__Problem details__
Excluding pictures, transcribe precisely the lines from the one containing "14k White Gold" to the final line of the listing below, inclusive, and nothing more.

__Records to process__
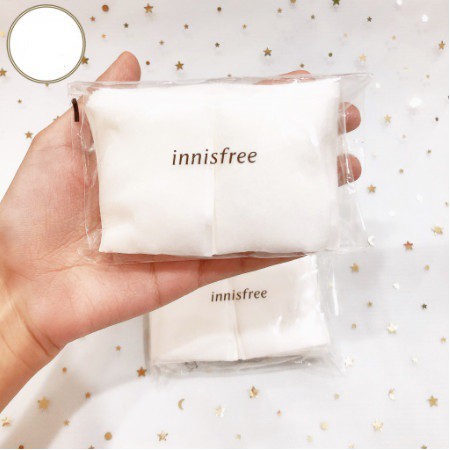 Sample Bông Tẩy Trang Innisfree 5 Lớp Premium Cotton Pads 10 miếng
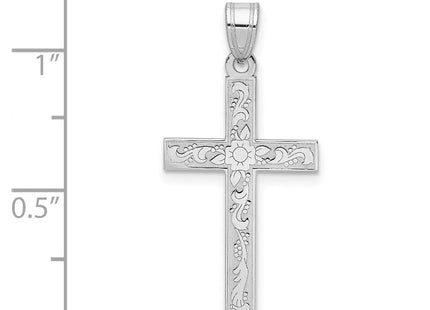 14k White Gold Pendants Style XR485 - Classique Jewelry Inc.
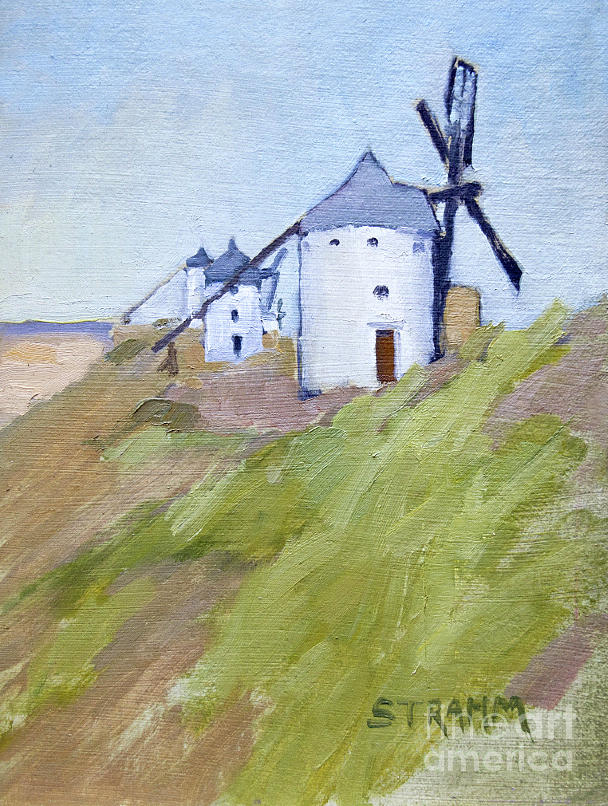 Windmills of Consuegra, Spain Painting by Paul Strahm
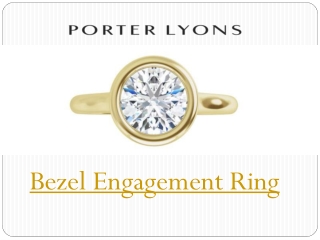 Bezel Set Engagement Ring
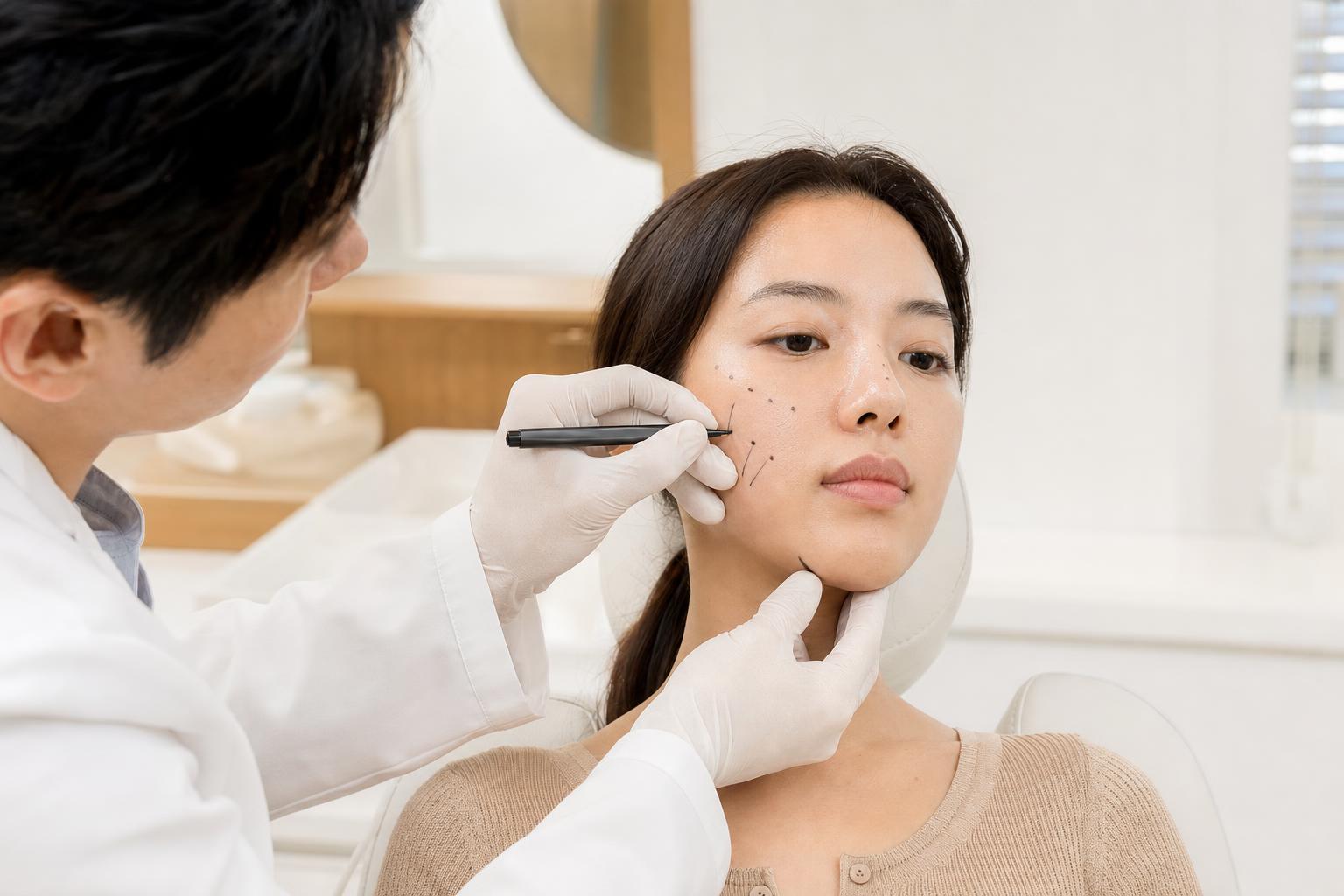 Filler being performed at HERA Clinic in Gangnam, Seoul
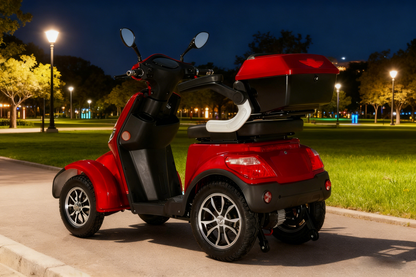 48V 500W Electric Mobility Scooter - 3-Speed LED Lighting
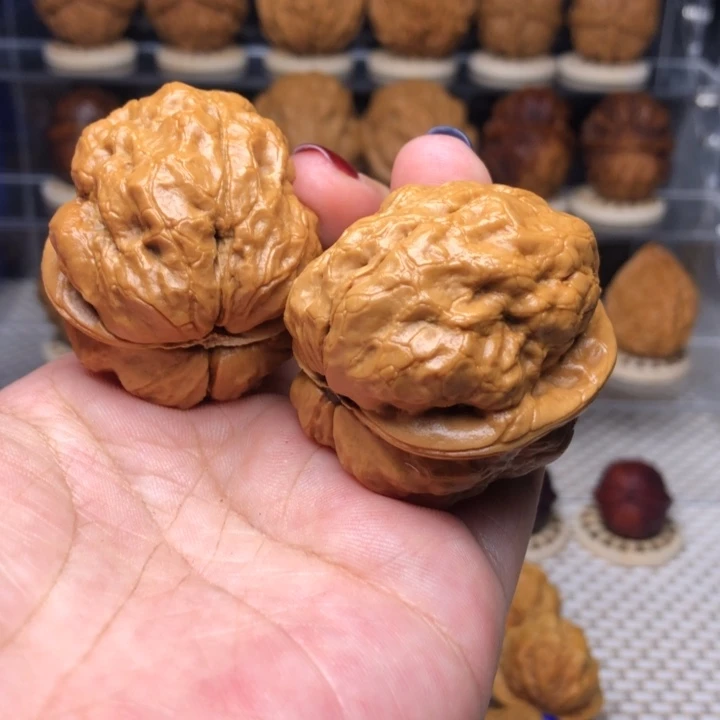 把件文玩核桃42金蟾疙瘩包42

__Output of the task__
 14k White Gold Pendants Style XR485 - Classique Jewelry Inc.
 Windmills of Consuegra, Spain Painting by Paul Strahm
 Bezel Set Engagement Ring
 Filler being performed at HERA Clinic in Gangnam, Seoul
 48V 500W Electric Mobility Scooter - 3-Speed LED Lighting
 把件文玩核桃42金蟾疙瘩包42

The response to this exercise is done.